İnsanı Tanımak - Ahmet Rıfat









Fakir düşmekten korkarak cimri olmak, malını elinde tutmakta aşırıya gitmek, herkesin rızkını veren Yüce Allah’a karşı kötü zan beslemektir. Bu gibi adamların biriktirip yığdıkları mallarını yiyemeyip bir fakir gibi vakit geçirmeleri ve vefat edinceye kadar saklayıp durdukları her şeyi bütün takımıyla varislere terk etmeleri, Yüce Allah’a olan şüphelerine karşılık olarak kendilerine verilmiş bir ceza olsa gerek. Bu gayet kolayca anlaşılabilen bir gerçektir. (s: 19-20)…


Filozoflardan bazıları cimriyi ipekböceğine benzetmişlerdir. Bu böcek gayet kısa olan hayatında nefsini korumak için uğraşarak bir koza yapar. Sonunda yaptığı kozanın içinde ölür ve o kozadan başkaları faydalanırlar. (s: 20)



Her yapılan şeyi kusurlu gören, gönül azabından kurtulamaz; zamanla da sözleri ve davranışları etkisini kaybeder. (s: 22)



Yanlış dua da yapmamalı! Meselâ; meydanda bir belâ veya mûsîbet yokken, “Allah’ım, beni sabredenlerden eyle!” demek yanlıştır. Çünkü sabrın belâ üzerine istenmesi gerekir. O hâlde bu dua kabul olununca, ilk önce bir belânın meydana gelmesi gerekir ki onun üzerine sabır gerçekleşsin! (s: 33)



Bunun gibi “Allah’ım beni kimseye muhtaç etme!” diye dua etmek de hatadır. Hz. Ali bir gün adamın böyle dua ettiğini işitince, “Yahu sen ölmek mi istiyorsun? İnsan sağ oldukça kendi cinsine ihtiyaçtan uzakta kalabilir mi? Ama sen, Ya Rabbî beni insanların kötüsüne muhtaç etme! de.” diye buyurmuşlardır. (s:33)



Cömert odur ki, kendisine ihtiyaç arz olunmadan evvel onu gören, istekten önce ihtiyacı giderendir. Yoksa ihtiyaç arz edildikten sonra –yani muhtaç kişi ar perdesini yırtıp zelîl bir şekilde kapıyı çaldıktan sonra- bahşiş kesesini çözüp açan kişiye cömert denmez. Buna olsa olsa, “istenilince veren” kişi unvanı verilebilir. (s: 112)



Büyüklenen kişiler adam yerine konmamalı! Başı yukarıda olan servi ağacı mezarlara yaraşır. Ondan meyve beklenmez. Meyveyi, meyve veren ağaçlarda ve aşağı eğilen dallarda aramalı! (s: 123)

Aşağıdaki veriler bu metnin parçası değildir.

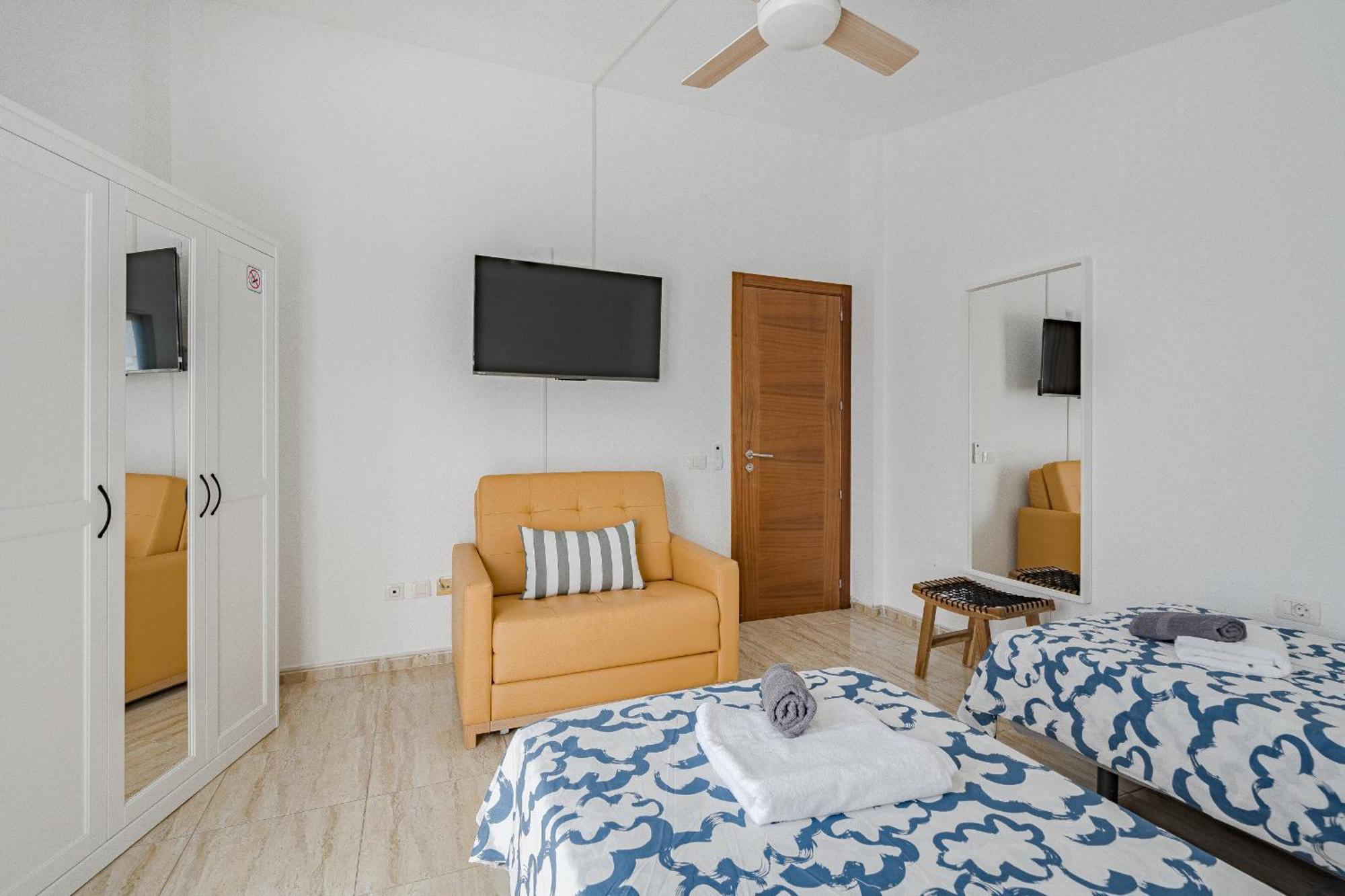 Tulum Airostel Hotel San Isidro  Ngoại thất bức ảnh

(Hayat Yayınları, 2011, 128 sayfa)

beyaz



KİTABIN ARKA KAPAĞINDAN:



Bir çok şerefli nitelikli diğer canlılardan ayrılan en seçkin, en gelişmiş varlıktır insan...



İyi insan, erdemli insan, yücelere gönül veren insan... Elbette belli bir ahlâk düzenine ve ölçüsüne uyan; plânlanmış bir eğitimden, daha doğrusu değerler eğitiminden geçmiş insandır.

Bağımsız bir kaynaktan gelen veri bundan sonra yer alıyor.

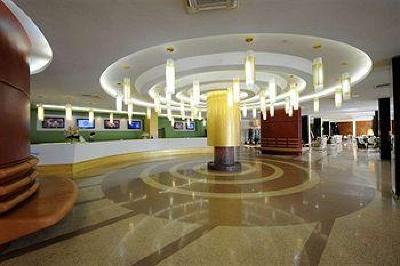 фото отеля Izmailovo Alfa Hotel Moscow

Elinizdeki kitap, işte bu amaca katkıda bulunmak için ortada. İyi insan olabilmenin temel değerlerini ele alıyor ve yaşanan hayatla bir bağ kurarak açıklamaya çalışıyor.



"Adalet, güler yüzlülük, cesaret, edep, erdem, vatan sevgisi, hürmet, yumuşak huyluluk, tedbirli olmak, merhamet, yardımlaşma..."



Bu değerler, hiç şüphesiz dün olduğu kadar bugün de önemli, yarın da önemli olacaktır.